Agenda
- Multiple Regression
- Least Squares Estimation
- Multiple Coefficients of Determination
- Model Assumptions
- Hypothesis Testing
- Categorical Independent Variables
Why Multiple Regression?
- We looked at single regression to look at the relationship between two variables.
- Recall last week’s example:
\[
GPA = \beta_0 + \beta_1 \text{SAT} + \varepsilon
\]
- But certainly, SAT isn’t the only factor that affects GPA. What ACT score? Or whether you are an international student?
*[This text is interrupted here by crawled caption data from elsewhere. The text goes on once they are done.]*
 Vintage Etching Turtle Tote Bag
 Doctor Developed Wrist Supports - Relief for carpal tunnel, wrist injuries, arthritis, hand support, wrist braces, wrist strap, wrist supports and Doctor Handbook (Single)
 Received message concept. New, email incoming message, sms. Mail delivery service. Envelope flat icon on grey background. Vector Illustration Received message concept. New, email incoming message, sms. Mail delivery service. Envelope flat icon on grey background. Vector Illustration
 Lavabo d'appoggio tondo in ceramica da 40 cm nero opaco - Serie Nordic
- We can run separate regressions for each variable:
\[
GPA = \beta_0 + \beta_1 \text{SAT} + \varepsilon
\]
\[
GPA = \beta_0 + \beta_1 \text{ACT} + \varepsilon
\]
\[
GPA = \beta_0 + \beta_1 \text{International} + \varepsilon
\]
But how do we know whether the effect of ACT isn’t coming from some common factor with SAT?
Multiple Regression
- Multiple regression is an extension of simple linear regression to the case of two or more independent variables.
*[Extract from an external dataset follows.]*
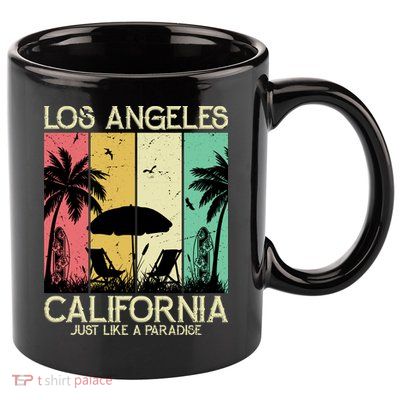 Los Angeles California Just Like A Paradise Retro 11oz C Handle Ceramic Mug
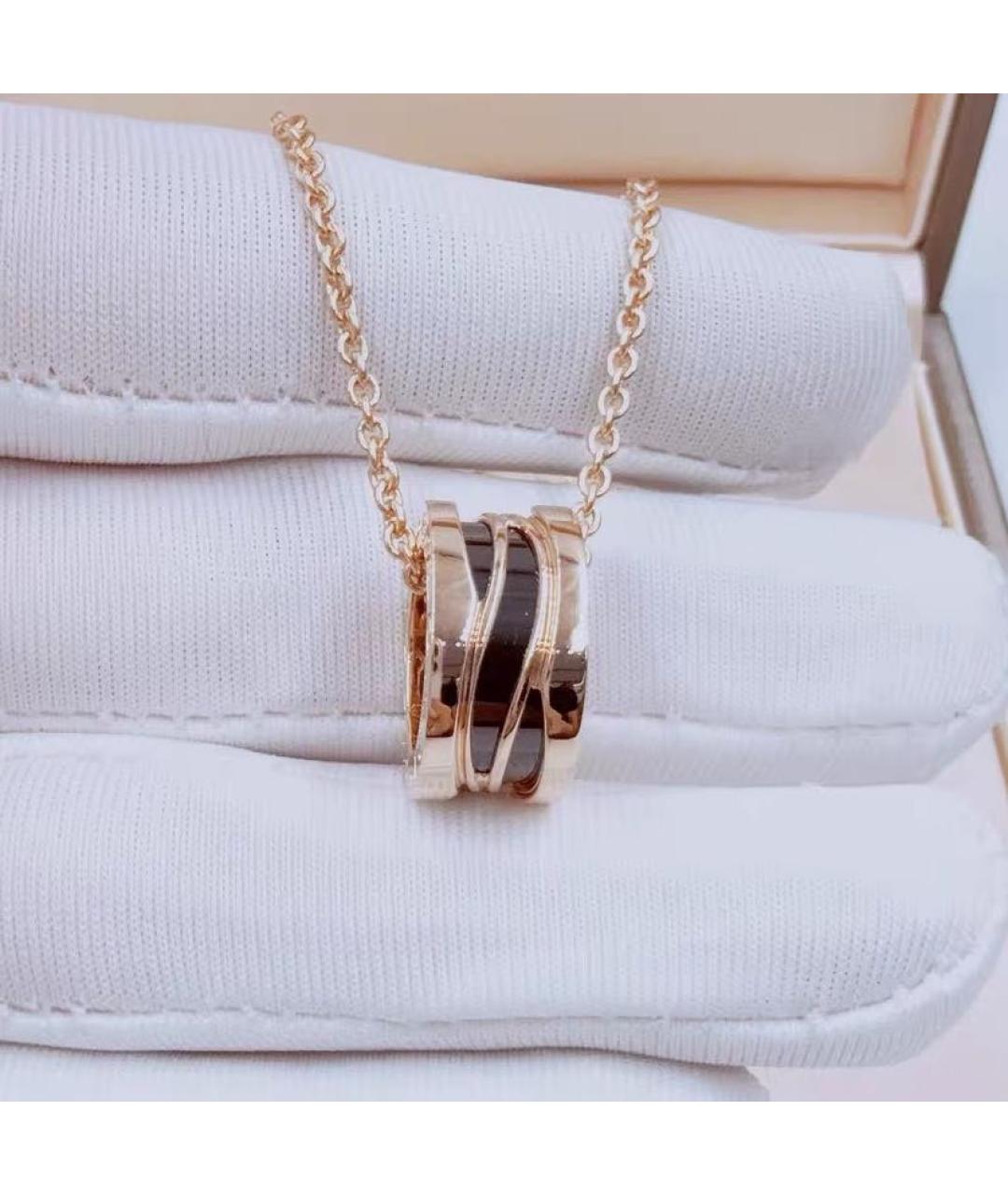 BVLGARI Черная подвеска из розового золота, фото 3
- This allows to look at the relationship between the dependent variable and several independent variables.
- The model is given by:
\[
Y = \beta_0 + \beta_1 X_1 + \beta_2 X_2 + \ldots + \beta_k X_k + \varepsilon
\]
Multiple Regression
- The value of multiple regression is that in calculating the effect of on variable, we take into account its variability with respect to other variables.
- We can “control” for the effect of other variables.
- This is especially useful when we really have one variable of interest and other variables are “observables” that are important to control for.
- For instance, if we wanted to understand the effect of SAT on GPA, we would want to control for ACT scores.
Least Squares Estimation
- How do we actually find these new coefficients?
- We use the same method as in simple regression: least squares estimation.
- But because we are using multiple variables, this involves doing some matrix algebra.
\[
min \sum_{i=1}^{n} (Y_i - \hat{Y}_i)^2
\]
- In matrix form, the solution is given by:
\[
b = (X'X)^{-1}X'Y
\]
\[
\left(X^{\prime} X\right)_{j k}=\sum_{i=1}^n x_{i j} x_{i k}
\]
- No need to worry about the details of this formula, but it’s good to know that it exists.
- Note two things:
- \(X'X\) is the variance-covariance matrix of the independent variables.
- \(X'Y\) is the covariance between the dependent variable and the independent variables.
- Similar to the single regression coefficient, but the solution here calculates the variance and covariance between the independent variables with the dependent variable AND the independent variables with each other.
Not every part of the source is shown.